En septembre dernier, par 433 voix pour et 123 voix contre, le Parlement européen avait voté en faveur d’un rapport qualifiant l’État hongrois de « régime hybride d’autocratie électorale » : cela ne veut rien dire, à moins que la définition de la démocratie en Occident, dont le socle et la légitimité reposent sur l’onction populaire accordée par le vote, n'ait changé. À ce compte-là, pour reprendre les mots de Ghislain Benhessa, l’État de droit n’est « que l’illusion d’une perfection juridique et rien de plus que la somme des principes que l’on choisit de lui injecter » : le parfait prétexte pour contourner ce qui reste de démocratie dans l’Union européenne. Depuis avril dernier, la Commission a introduit spécialement pour la Hongrie (et demain l’Italie, qui vote si mal ?) le mécanisme de conditionnalité des fonds au respect de l’État de droit sous prétexte que ce non-respect mettrait en danger l’équilibre budgétaire de l’Union européenne.
Lors du vote de ce rapport, la députée européenne Fabienne Keller (Renew Europe) avait déclaré, dans les colonnes du Monde, que la loi hongroise qui interdit la propagande LGBT dans les écoles « ressemble aux lois poutiniennes ». Fustigeant la politique conservatrice hongroise, elle avait averti : « Si la Hongrie était candidate aujourd’hui pour rentrer dans l’UE, ce ne serait pas possible, elle ne remplirait plus les critères d’adhésion, c’est le triste constat du rapport. »
Les députés européens ont donc fait pression depuis septembre sur la Commission, laissant même planer le doute sur une éventuelle motion de censure de ladite Commission si le gel des fonds destinés à la Hongrie n’était pas mis en place.

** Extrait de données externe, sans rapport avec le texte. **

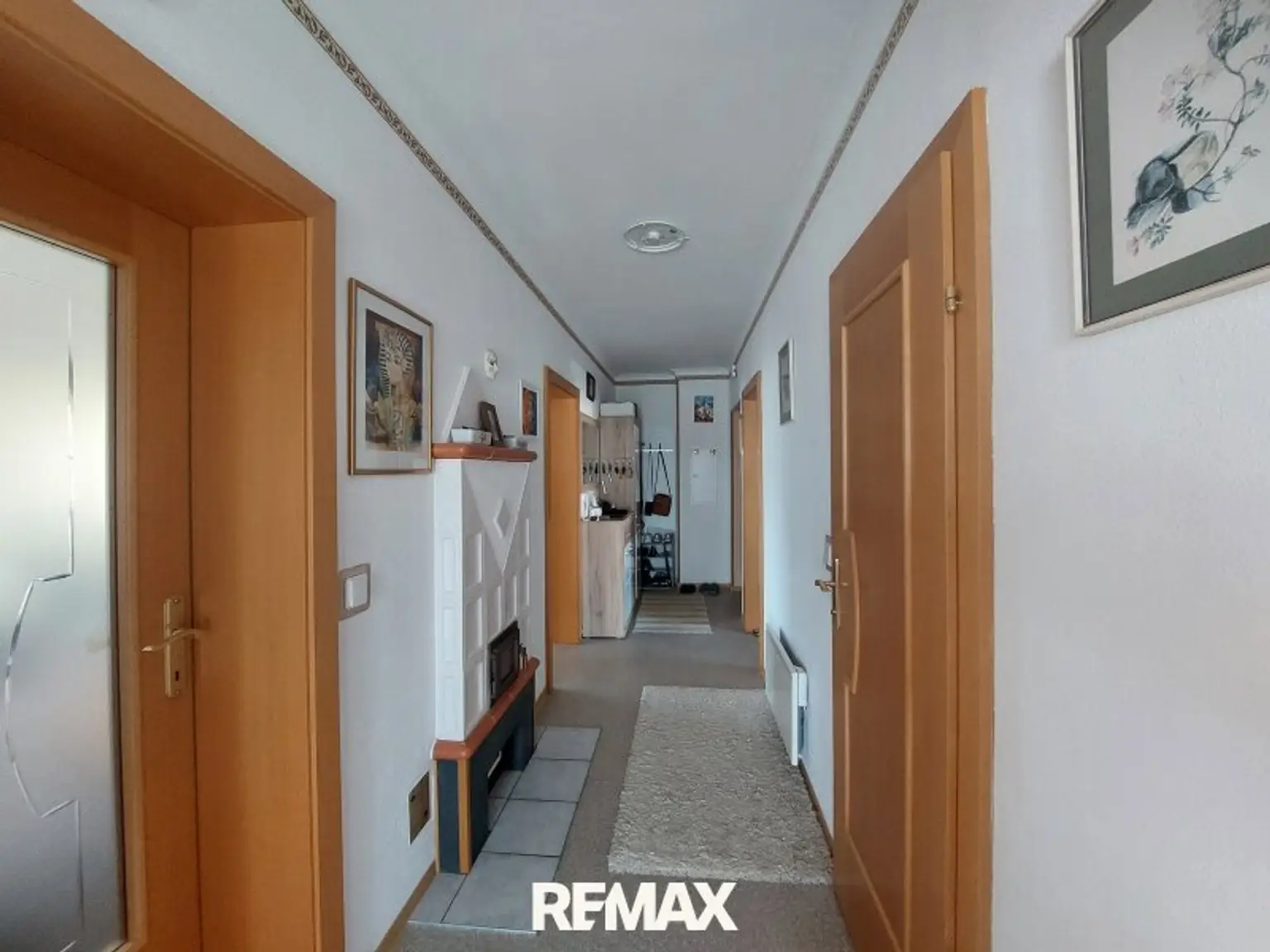 Vorzimmerblick vom Badezimmer aus in die Wohnung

Peu importe que la Hongrie ait mis en chantier différentes réformes, dont celle de la Justice, ou encore l’installation d’une autorité indépendante pour mieux contrôler les fonds de l’Union européenne. La date butoir du 19 novembre pour la mise en place de ces réformes n’a pas été respectée, estime la Commission. Peu importe, également, que la Hongrie qui, comme le reste de l’Europe, connaît une grave crise économique ait promis, par la voix de Tibor Navracsics, le ministre du Développement régional du gouvernement hongrois et chargé de négocier avec l’Union européenne, de « mettre en place les mesures supplémentaires exigées et, en 2023, nous ne doutons pas que nous parviendrons à convaincre la Commission […] qu’il n’est pas nécessaire de suspendre les fonds ». La balle est dans le camp des 27 : pour que ce gel des fonds soit effectif, il faudrait que 15 pays sur 27 ratifient cette décision de la Commission.
On l’aura compris, tout cela n’est que politique. Sinon, comment expliquer la réaction de Stéphane Séjourné ? Le très macroniste président de Renew Europe se « félicite que la Commission européenne ait écouté [s]on groupe Renew Europe ». Le même Stéphane Séjourné martèle, sur twitter, que « pas un euro ne doit aller au gouvernement hongrois qui ne respecte pas l’État de droit ». Séjourné est allé rencontrer les autorités suédoises qui doivent prendre la présidence du Conseil de l’Europe en janvier : « À Stockholm, j’ai rappelé au gouvernement nos exigences : aucun populiste ne doit influencer l’agenda européen. »La Hongrie a-t-elle aussi été sanctionnée car elle bloque, pour l’instant, le plan d’aides commun à l’Ukraine de 18 milliards d’euros ? Ou parce que, à l’instar de la Turquie, elle est le seul pays de l’OTAN qui ne soit pas favorable à l’entrée de la Suède et de la Finlande dans l’organisation ?
Au fond, ces avertissements et sanctions infligés à la Hongrie depuis l’arrivée au pouvoir de Viktor Orbán ont peut-être pour but de forcer celle-ci à sortir de l’Union européenne – l’UE ne serait plus alors bloquée par le veto de la Hongrie lorsque le vote à l’unanimité est requis. C’est évidemment un avertissement aux autres pays de l’Union européenne qui seraient tentés de mener une politique dissidente… et souveraine.